ASSIGNED TASK: When the word "uuml" shows up in a line of the records below, copy that line.

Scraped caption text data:
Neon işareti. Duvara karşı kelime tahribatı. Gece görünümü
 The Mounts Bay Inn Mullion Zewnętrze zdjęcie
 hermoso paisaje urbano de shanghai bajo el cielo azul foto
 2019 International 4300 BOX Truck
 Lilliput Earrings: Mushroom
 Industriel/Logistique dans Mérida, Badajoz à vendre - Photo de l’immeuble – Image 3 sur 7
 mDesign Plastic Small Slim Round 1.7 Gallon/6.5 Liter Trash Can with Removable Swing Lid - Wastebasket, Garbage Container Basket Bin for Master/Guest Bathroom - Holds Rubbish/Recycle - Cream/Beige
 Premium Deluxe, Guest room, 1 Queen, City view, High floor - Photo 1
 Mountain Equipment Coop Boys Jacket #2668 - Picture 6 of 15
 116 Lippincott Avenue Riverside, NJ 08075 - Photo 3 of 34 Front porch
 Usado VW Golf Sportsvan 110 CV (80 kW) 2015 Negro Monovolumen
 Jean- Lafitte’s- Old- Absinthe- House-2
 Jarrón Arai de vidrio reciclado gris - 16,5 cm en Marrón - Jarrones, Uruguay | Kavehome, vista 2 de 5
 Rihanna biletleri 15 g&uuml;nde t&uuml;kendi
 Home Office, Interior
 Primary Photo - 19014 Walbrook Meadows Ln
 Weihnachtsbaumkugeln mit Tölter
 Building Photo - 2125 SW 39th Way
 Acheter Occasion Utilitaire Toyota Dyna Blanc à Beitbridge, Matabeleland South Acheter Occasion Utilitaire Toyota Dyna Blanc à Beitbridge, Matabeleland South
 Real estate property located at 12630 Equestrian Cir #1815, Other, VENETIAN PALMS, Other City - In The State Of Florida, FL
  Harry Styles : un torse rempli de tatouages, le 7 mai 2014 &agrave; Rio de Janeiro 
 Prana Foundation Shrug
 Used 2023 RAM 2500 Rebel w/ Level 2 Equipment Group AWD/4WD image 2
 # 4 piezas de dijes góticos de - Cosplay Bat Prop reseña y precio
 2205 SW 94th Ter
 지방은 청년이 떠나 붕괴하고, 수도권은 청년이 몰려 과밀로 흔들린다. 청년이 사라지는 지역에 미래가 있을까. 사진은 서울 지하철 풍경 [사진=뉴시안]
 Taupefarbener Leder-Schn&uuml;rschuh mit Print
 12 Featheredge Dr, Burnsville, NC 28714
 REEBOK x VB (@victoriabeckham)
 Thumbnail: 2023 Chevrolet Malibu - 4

EXERCISE OUTPUT:
 Rihanna biletleri 15 g&uuml;nde t&uuml;kendi
 Taupefarbener Leder-Schn&uuml;rschuh mit Print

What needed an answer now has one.